- _ACTIVITY_:
Pictures excluded, reproduce exactly the lines below from the one with "Image 1 of 9" through the one with "Pioneer Texas and", both included.

- _EXCERPTED RECORDS_:
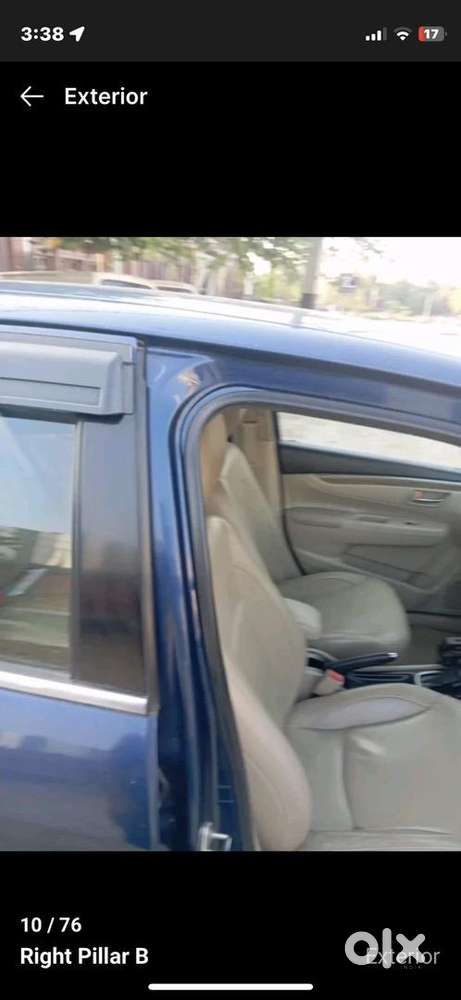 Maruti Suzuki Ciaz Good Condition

---

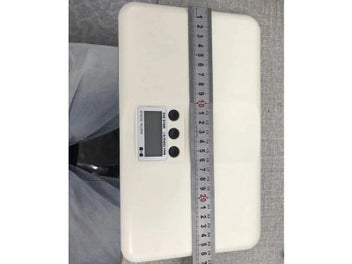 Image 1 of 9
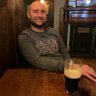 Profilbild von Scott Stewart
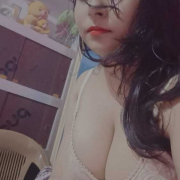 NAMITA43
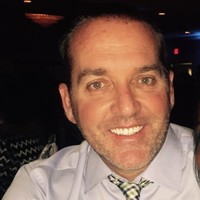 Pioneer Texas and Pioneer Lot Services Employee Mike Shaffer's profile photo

- _TASK RESPONSE_:
 Image 1 of 9
 Profilbild von Scott Stewart
 NAMITA43
 Pioneer Texas and Pioneer Lot Services Employee Mike Shaffer's profile photo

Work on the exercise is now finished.